Ketua serikat pekerja tekstil sandang dan kulit, Rohana mengatakan, aksi yang dilakukan saat ini merupakan rangkaian dari aksi mogok nasional yang diagendakan para buruh. Dalam hal itu para buruh yang tergabung dalam aliansi buruh Bandung mendesak gubernur Jawa Barat untuk mengabaikan PP No.78 tahun 2015 tentang pengupahan.

“Kita mendesak Gubernur Jawa Barat untuk merevisi SK Gubernur terkait kenaikan UMK 2016 dan mengabaikan PP No.78 tahun 2015,” jelas Rohana disela aksi.

Dikatakannya, SK Gubernur Jawa Barat yang menetapkan kenaikan UMK 2016 sebesar 11,5 persen telah membuat para buruh kecewa. Apalagi beberapa daerah, khususnya Kota Bandung telah merekomendasikan kenaikan UMK 2016 diatas angka yang ditetapkan Gubernur Jawa Barat, yaitu sekitar 14,59 persen.

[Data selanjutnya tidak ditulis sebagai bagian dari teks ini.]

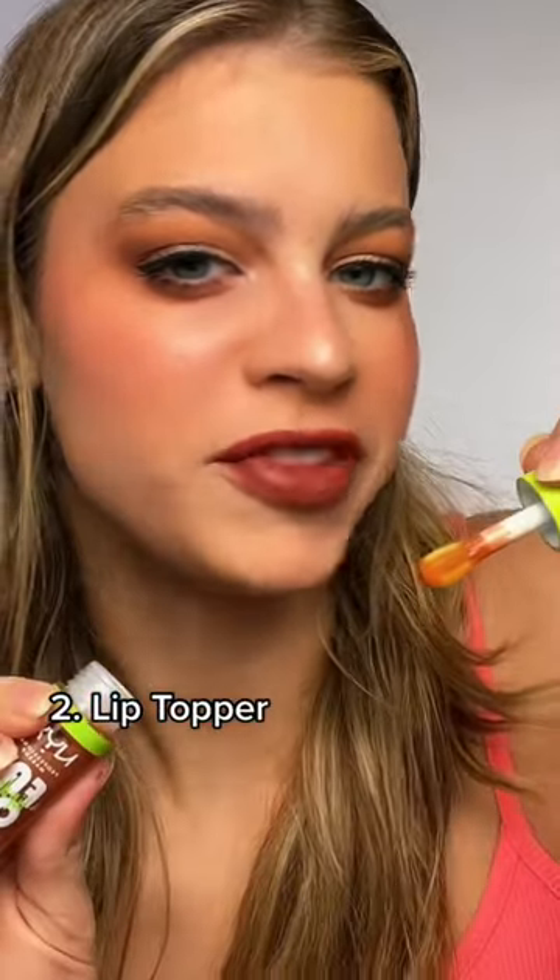Second way is lip topper. This one's got a little shimmer in it and I am just using that as a gloss on top of our lipstick. The little foot at the end picks up so much product. Amazing. And now they're just a little extra voluptuous.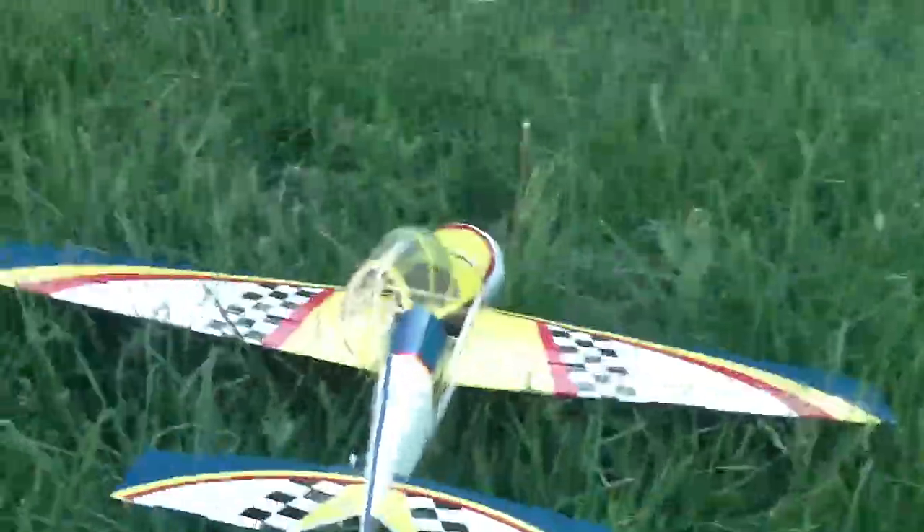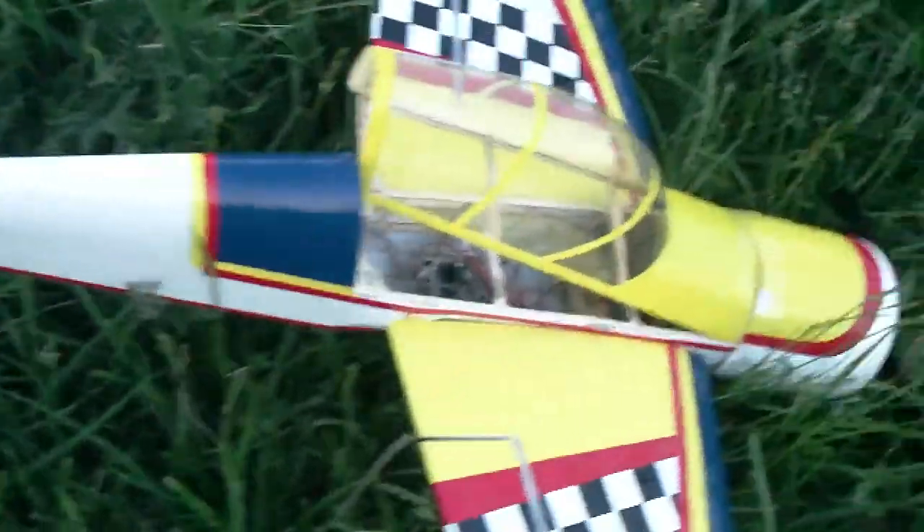Alright, walking up on it to see if there's any damage. Any damage to the wings?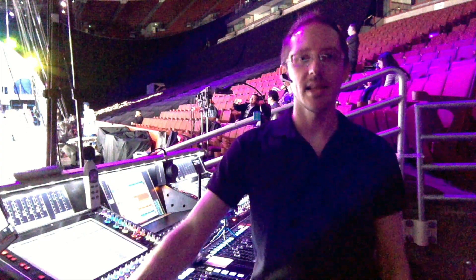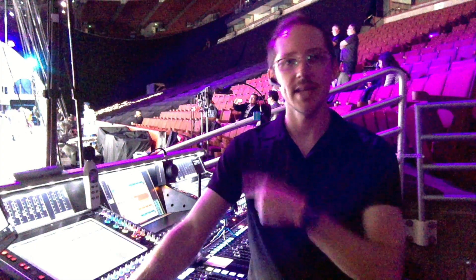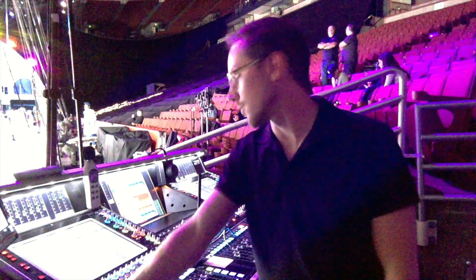This is Nathan Lively with Sound Design Live, and I'm going to show you one of the most important effects that I use on the SD5 for the Ringling Brothers and Barnum & Bailey Out of This World Tour.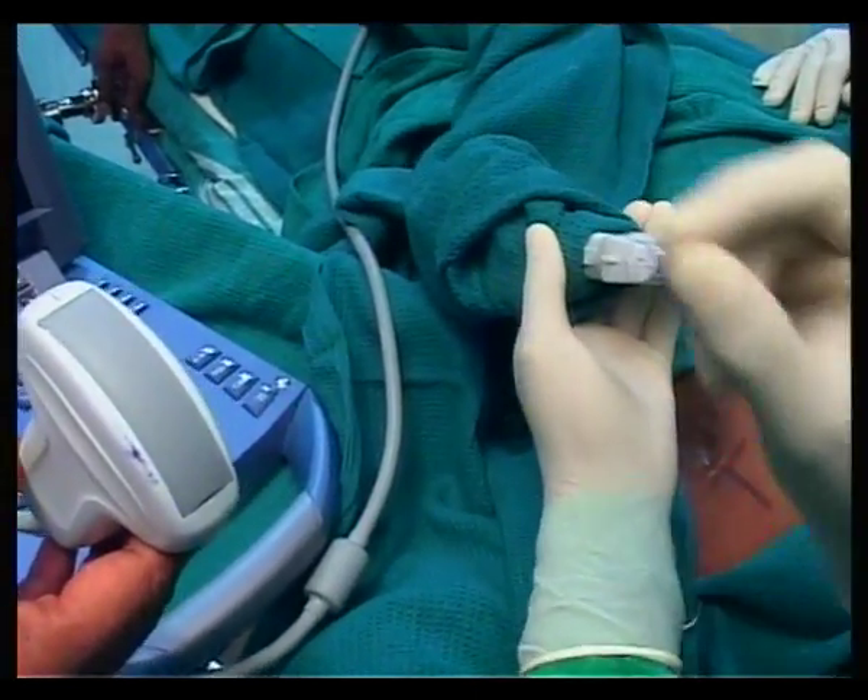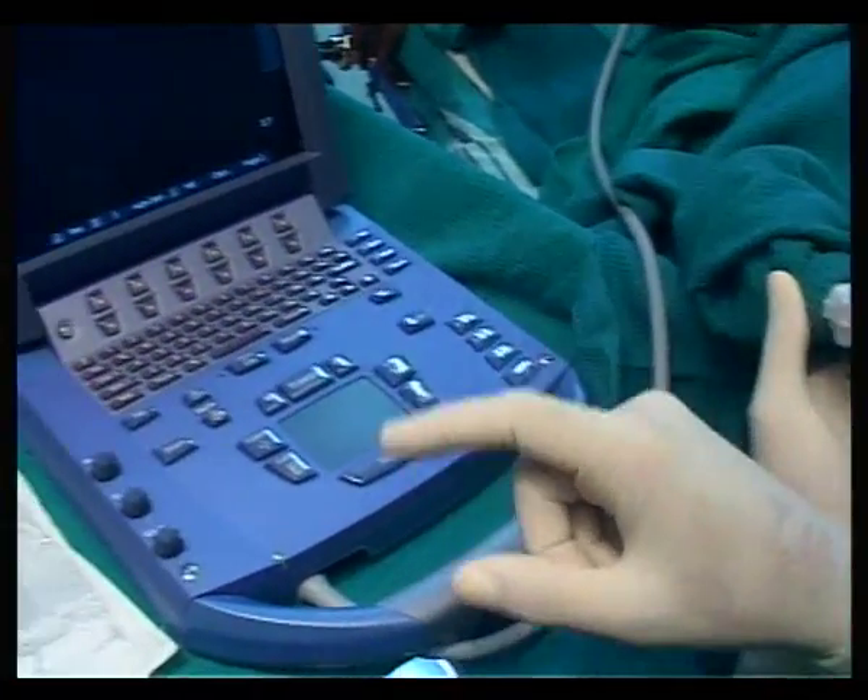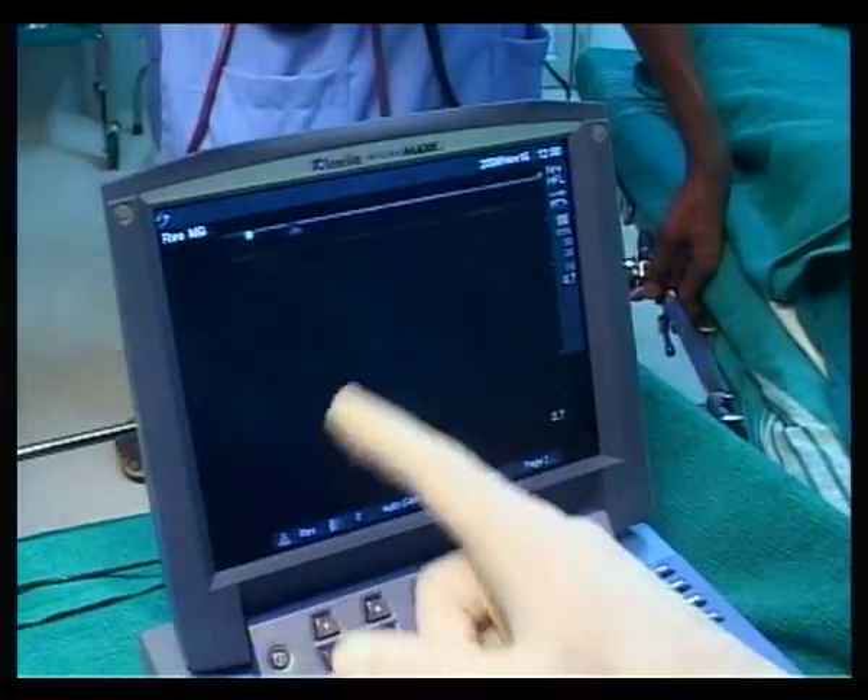If you look at the ultrasound machine screen, there is a dot which corresponds to the marker on the ultrasound probe.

“Tetapi gubernur keukeuh dan mengabaikan rekomendasi dari walikota Bandung, bahkan menyamakan semua rekomendasi bupati walikota di Jawa Barat menjadi sebesar 11,5 persen sesuai PP No.78 tahun 2015,” katanya.

Menurutnya hal tersebut sangat memprihatinkan mengingat, rekomendasi UMK 2016 yang disampaikan Walikota Bandung sebesar 14,59 persen tersebut merupakan hasil pembahasan dewan pengupahan kota Bandung. “Jadi buat apa ada rekomendasi dewan pengupahan dan bupati walikota, kalau semuanya disama ratakan,” katanya.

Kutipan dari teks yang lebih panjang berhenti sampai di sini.